うちでは稲の苗を、畑で育てています。
畑苗代(はたなわしろ)と呼ばれています。
多くの方は、田んぼに苗代をつくって水を張った状態で育てますが、畑では基本的には雨水だけが頼りです。
畑苗代は水が少ない状態で育つので、田植えした後に根が張って活着するまでの日数が短いのです。
種籾は温度をかけて少しだけ発芽させます。
事前に平らにならした畑に発芽させた種籾を播いていきます。
振るっておいた土を被せていきます。
表面を平らにならして
乾燥や朝の低温から守るために、ビニールを被せます。
この状態でしばらく置いて、芽が出たころにビニールを外します。
田植えは5月末から6月頭くらいに
私たちのお米は「秋晴れ」という品種です。
これは50年以上前に愛知県の試験場で開発された品種で、コシヒカリと違ってさらっとした食感で、ササニシキに近いものがあります。

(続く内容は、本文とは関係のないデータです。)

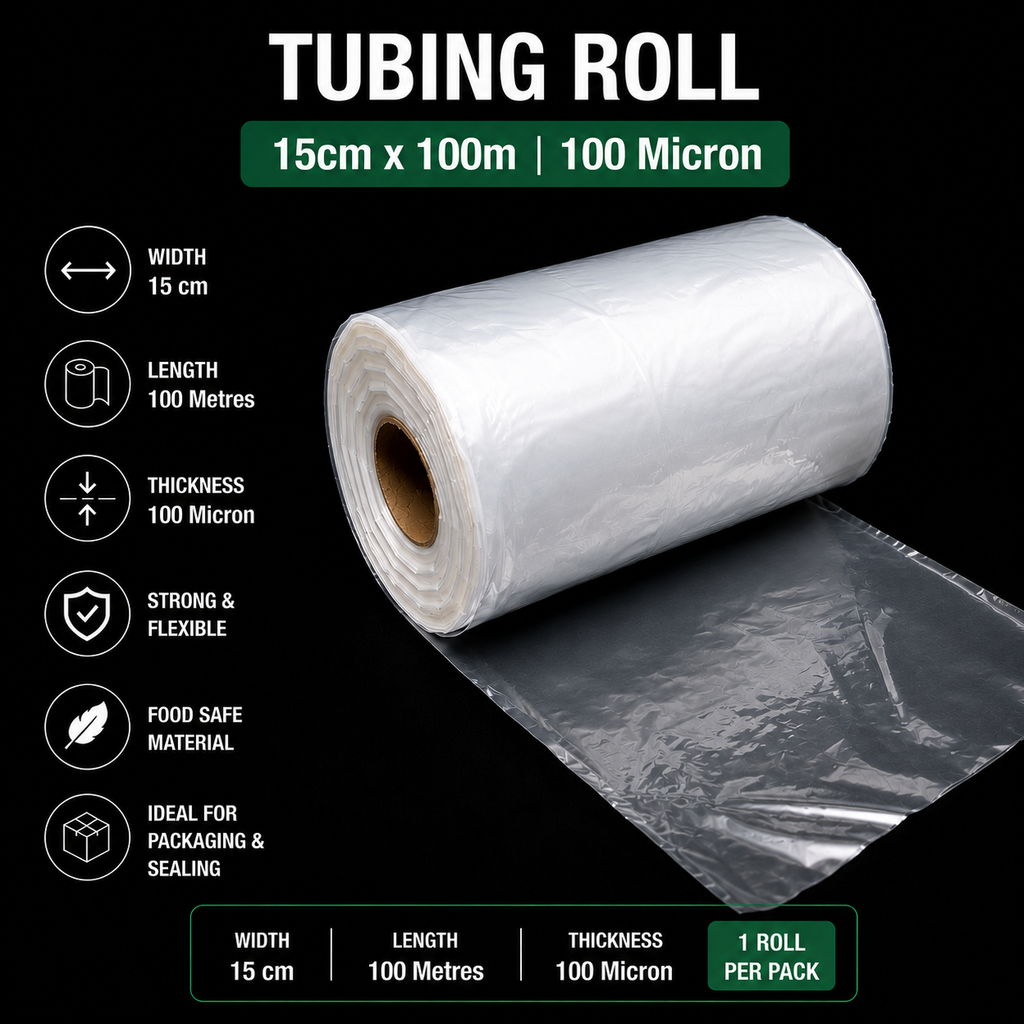 100 Micron Clear LDPE Tubing Roll – Heavy Duty Plastic Tubing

玄米を炊くときには内なべ付きの圧力鍋で、浸水しないで炊くと逆にモチモチした食感になります。
白米でも玄米でも冷めても美味しいと評判です。
今では栽培する人はほとんどいないので、うちで種を継いでいます。
昨年のモミから種もみを選別する塩水選という作業を昨日やりました。
種もみの中には実入りが少なく軽いものがありますが、そんな種は発芽しないことが多いので、選別して実入りが良い、重いものだけを種まきします。
用意するものは、塩、ザル、生卵など。
大きな桶に塩水を作りますが、比重が1.13になるようにする必要があります。
生卵を泳がせて、頭が少しでる程度の塩水がだいたい比重1.13なので、その目安になります。
種もみを入れてかき混ぜます。
浮いて来たモミは、軽くて実入りが少ないのでザルですくって捨ててしまいます。
沈んだ種もみはネットに入れて小分けにします。
立ち枯れ病、イモチ病などを防ぐためには、種もみを消毒することが有効です。
普通は農薬で消毒しますが、うちでは60度のお湯に10分間ひたすことによって消毒します。
温湯消毒といいます。
乾燥している種もみを発芽するには、充分に水を吸わせなくてはなりません。
来月なかばのモミまきの日まで、流水にさらして充分に水を吸わせます。
浸種といいます。
毎年春先に塩水選をすると、いよいよ稲作が始まるという気持ちになります。